At 48 weeks all treatment arms had statistically similar virological response rates, with 61-82% of people taking BMS-663068 and 71% of those taking atazanavir/ritonavir achieving HIV RNA <50 copies/ml in a modified intent-to-treat 'snapshot' analysis. In an observed or as-treated analysis, BMS-663068 response rates rose to 69-91%. BMS-663068 response rates were somewhat higher for people starting treatment with low compared to high viral load. Mean CD4 cell gains were similar, in the 141-199 cells/mm3 range across all arms.

BMS-663068 was again generally safe and well-tolerated at all doses tested. A total of seven people discontinued treatment early due to adverse events, but none of these were deemed related to BMS-663068. The most common side-effects in the BMS-663068 arms were headache (one person in the 800mg arm) and abdominal pain (one person in the 1200mg arm). No notable trends in laboratory abnormalities were seen across the BMS-663068 arms.
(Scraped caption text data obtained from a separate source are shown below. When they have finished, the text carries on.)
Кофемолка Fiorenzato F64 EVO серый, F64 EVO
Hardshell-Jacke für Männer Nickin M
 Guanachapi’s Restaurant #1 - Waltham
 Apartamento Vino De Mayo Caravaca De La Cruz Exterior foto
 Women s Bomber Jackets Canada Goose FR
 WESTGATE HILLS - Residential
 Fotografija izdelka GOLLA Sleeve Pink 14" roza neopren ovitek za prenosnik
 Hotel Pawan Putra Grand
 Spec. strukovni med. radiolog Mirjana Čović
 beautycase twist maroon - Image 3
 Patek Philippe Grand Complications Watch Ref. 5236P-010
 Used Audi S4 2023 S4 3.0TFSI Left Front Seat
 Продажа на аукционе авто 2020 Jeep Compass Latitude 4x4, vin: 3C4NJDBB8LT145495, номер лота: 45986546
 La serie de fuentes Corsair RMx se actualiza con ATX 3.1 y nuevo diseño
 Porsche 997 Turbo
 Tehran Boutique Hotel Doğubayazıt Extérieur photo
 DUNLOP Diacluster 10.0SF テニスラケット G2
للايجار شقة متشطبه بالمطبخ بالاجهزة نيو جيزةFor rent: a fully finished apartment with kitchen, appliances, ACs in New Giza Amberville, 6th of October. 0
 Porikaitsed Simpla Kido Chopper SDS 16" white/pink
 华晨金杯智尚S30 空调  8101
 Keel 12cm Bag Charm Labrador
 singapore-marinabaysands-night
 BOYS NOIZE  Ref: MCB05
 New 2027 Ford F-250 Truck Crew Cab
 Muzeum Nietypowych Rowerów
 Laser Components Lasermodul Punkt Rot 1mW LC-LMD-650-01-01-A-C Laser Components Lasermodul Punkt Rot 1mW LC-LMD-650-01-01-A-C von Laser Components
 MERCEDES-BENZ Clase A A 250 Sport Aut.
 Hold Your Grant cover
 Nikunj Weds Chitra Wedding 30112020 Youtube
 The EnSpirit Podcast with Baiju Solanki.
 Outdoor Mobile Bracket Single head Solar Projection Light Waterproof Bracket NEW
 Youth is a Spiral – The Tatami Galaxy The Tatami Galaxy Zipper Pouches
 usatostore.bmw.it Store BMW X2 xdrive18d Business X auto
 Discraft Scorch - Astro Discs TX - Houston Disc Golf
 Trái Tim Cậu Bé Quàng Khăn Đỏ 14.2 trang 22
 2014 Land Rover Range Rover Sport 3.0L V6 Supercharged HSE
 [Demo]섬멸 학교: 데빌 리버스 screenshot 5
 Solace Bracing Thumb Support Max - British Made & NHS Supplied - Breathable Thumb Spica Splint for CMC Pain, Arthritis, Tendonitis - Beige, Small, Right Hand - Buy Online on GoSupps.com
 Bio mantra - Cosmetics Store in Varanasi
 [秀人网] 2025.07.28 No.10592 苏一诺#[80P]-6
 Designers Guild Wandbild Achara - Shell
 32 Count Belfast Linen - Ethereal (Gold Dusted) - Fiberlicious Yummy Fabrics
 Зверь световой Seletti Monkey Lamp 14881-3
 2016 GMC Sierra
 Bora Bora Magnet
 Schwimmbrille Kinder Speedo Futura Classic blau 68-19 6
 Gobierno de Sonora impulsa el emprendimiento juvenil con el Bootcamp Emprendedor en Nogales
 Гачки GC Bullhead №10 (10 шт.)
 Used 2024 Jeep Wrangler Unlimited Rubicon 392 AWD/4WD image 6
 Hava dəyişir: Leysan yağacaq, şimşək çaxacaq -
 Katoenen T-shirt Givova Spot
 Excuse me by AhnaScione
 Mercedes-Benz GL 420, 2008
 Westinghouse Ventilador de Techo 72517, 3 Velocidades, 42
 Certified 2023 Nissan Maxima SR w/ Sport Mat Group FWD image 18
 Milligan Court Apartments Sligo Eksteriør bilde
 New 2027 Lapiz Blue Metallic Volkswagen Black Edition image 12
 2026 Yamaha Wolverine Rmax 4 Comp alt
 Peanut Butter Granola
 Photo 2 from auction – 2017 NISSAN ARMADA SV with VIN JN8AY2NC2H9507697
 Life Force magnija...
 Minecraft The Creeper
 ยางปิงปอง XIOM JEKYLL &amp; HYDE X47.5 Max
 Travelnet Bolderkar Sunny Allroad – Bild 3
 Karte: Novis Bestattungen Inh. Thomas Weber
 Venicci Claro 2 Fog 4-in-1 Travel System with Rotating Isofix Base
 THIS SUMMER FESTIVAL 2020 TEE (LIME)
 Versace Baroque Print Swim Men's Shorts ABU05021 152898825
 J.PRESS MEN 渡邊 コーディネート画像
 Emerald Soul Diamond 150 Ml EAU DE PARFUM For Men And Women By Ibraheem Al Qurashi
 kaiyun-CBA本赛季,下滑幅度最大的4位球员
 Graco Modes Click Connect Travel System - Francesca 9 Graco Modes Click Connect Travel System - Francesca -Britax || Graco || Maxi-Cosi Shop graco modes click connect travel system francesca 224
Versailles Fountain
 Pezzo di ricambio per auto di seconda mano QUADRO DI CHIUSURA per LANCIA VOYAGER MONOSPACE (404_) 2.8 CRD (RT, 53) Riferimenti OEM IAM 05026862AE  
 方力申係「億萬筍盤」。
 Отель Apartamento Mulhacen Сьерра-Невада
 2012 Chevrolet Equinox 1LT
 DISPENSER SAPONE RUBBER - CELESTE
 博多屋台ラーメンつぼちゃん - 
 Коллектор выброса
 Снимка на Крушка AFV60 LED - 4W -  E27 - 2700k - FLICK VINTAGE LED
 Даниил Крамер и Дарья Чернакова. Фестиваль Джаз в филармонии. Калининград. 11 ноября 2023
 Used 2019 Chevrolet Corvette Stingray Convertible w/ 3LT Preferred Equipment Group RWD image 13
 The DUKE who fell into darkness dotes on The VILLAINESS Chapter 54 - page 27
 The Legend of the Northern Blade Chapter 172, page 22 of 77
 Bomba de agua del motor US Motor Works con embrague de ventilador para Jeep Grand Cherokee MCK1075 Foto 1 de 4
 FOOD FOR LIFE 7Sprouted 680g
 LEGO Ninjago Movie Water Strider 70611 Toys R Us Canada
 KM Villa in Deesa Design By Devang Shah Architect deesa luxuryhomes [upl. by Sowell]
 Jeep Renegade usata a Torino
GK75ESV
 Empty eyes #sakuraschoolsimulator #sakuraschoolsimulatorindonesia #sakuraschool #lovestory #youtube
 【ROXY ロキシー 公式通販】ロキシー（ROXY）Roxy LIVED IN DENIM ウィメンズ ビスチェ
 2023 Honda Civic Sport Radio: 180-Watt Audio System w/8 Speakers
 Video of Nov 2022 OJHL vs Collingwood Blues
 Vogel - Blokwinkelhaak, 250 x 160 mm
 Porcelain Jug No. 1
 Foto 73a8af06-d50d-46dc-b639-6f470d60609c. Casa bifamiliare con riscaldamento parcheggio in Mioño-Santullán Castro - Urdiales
Atazanavir/ritonavir was associated with more adverse events and abnormalities, including elevated bilirubin.

"Virologic response rates...and immunologic responses appear to be generally similar across the BMS-663068 and atazanavir/ritonavir arms through week 48," the researchers concluded. "All BMS-663068 doses were generally well tolerated with no dose-response safety signals reported."

As a potential limitation, they noted that participants receiving BMS-663068 had a higher daily pill burden than those taking atazanavir/ritonavir, which could have an effect on adherence. In addition, the phenotypic assay used to determine BMS-663068 susceptibility was not able to provide results for about one-quarter of participants.

Given these promising results, a phase 3 clinical trial of BMS-663068 was started on February 23, according to a recent BMS press release. It will enrol highly treatment-experienced patients, defined as people who can no longer construct a viable standard antiretroviral regimen due to accumulation of drug resistance, past intolerability or contraindications. This study will enrol patients regardless of BMS-663068 susceptibility; a retrospective analysis will be done to determine whether a companion phenotypic assay is necessary.